The carbon offset mechanism is in line with the proposals contained in the National Climate Change Response White Paper of 2011 and efforts to transition to a low carbon, greener economy as pronounced in the National Development Plan.
Carbon offsets in brief
The Draft Carbon Tax Bill makes provision for the carbon offset allowance. This provides for firms to reduce their carbon tax liability by using offset credits of up to a maximum of 5% or 10% of their total greenhouse gas (GHG) emissions.
Carbon offsets can be generated through investments outside of a taxable entity’s activities that results in quantifiable and verifiable GHG emission reductions.

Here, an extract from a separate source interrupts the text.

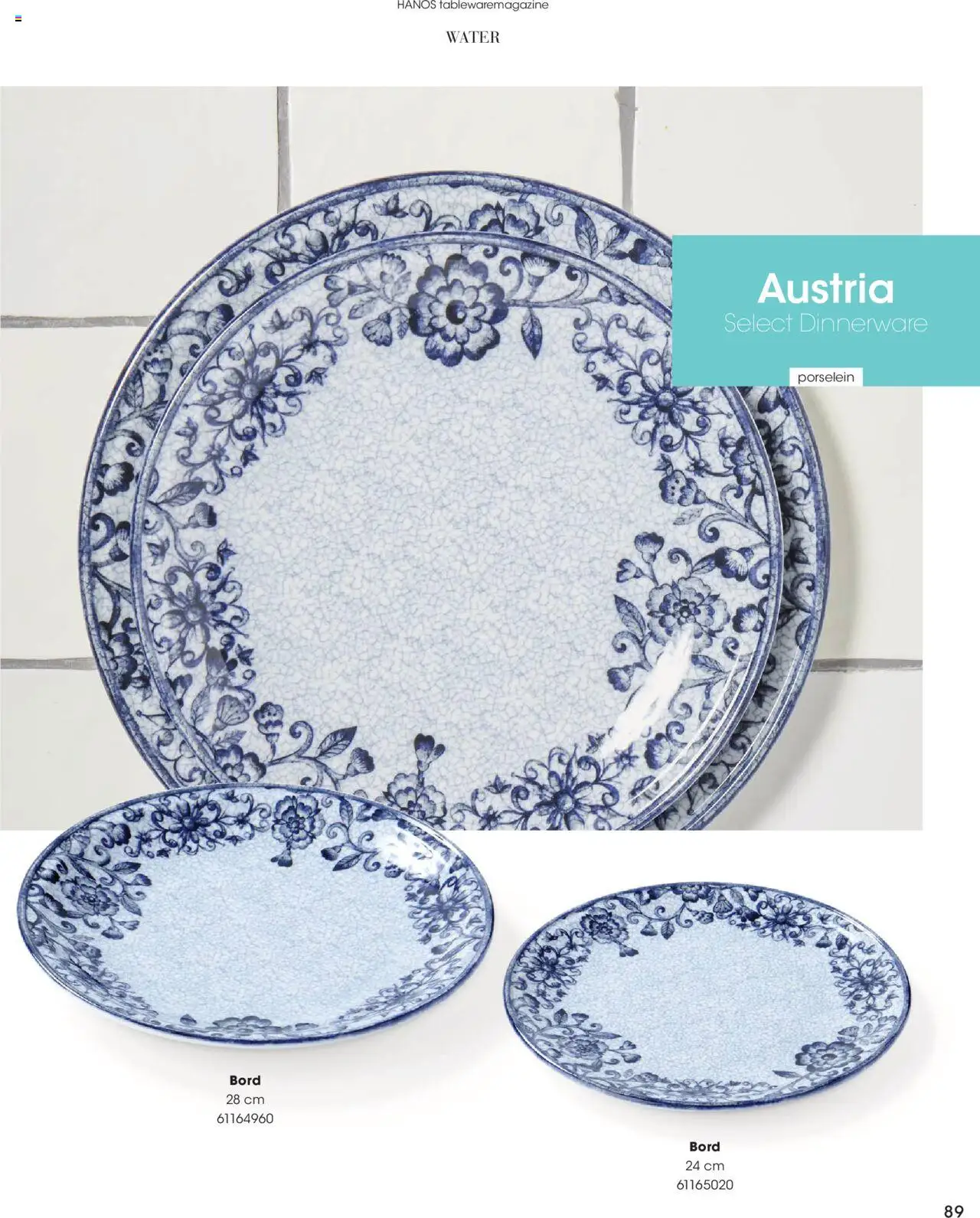 Hanos - Tableware magazine 2025-2026 - page 89- valid from 01-09-2025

In addition, such carbon offset projects should generate sustainable development co-benefits and employment opportunities in South Africa by encouraging investments in energy efficiency, rural development projects, and initiatives aimed at restoring landscapes, reducing land degradation and biodiversity protection.
Design of carbon offsets
The proposal to use carbon offsets in conjunction with the carbon tax has been widely supported by stakeholders as a cost-effective measure to incentivise GHG emission reductions.
Carbon offsets involve specific projects or activities that reduce, avoid, or sequester emissions, and are developed and evaluated under specific methodologies and standards, which enable the issuance of carbon credits.
The carbon offset system seeks to encourage GHG emission reductions in sectors or activities that are not directly covered by the tax. Investments in public transport, agriculture, forestry and other land use and waste sectors are likely to qualify.
The carbon offset scheme will rely primarily on existing international carbon offset standards namely, the Clean Development Mechanism, Verified Carbon Standard and the Gold Standard and their associated institutional and market infrastructure. However, scope is also provided for the use of local standards/ methodologies where appropriate and independently verifiable.
Opposition to the new tax
Meanwhile, the Organisation Undoing Tax Abuse (OUTA) has called the carbon tax an unnecessary burden to South Africa.
The organisation has called on businesses and South Africans to become more participative in scrutinising and interacting with Government on the new proposed Carbon Tax.
“South Africa has become an overtaxed society and we agree with other critics of the scheme who believe the economy will be negatively impacted by the introduction of a carbon tax. While Government’s stated and noble intention is that the tax will help to reduce GHG emissions in the medium to long term, OUTA believes this will not necessarily be the case,” says said Julius Kleynhans, Project Manager at OUTA.
“The carbon tax will not necessarily change business behaviour, who will in turn merely pass on the tax costs to the consumer.”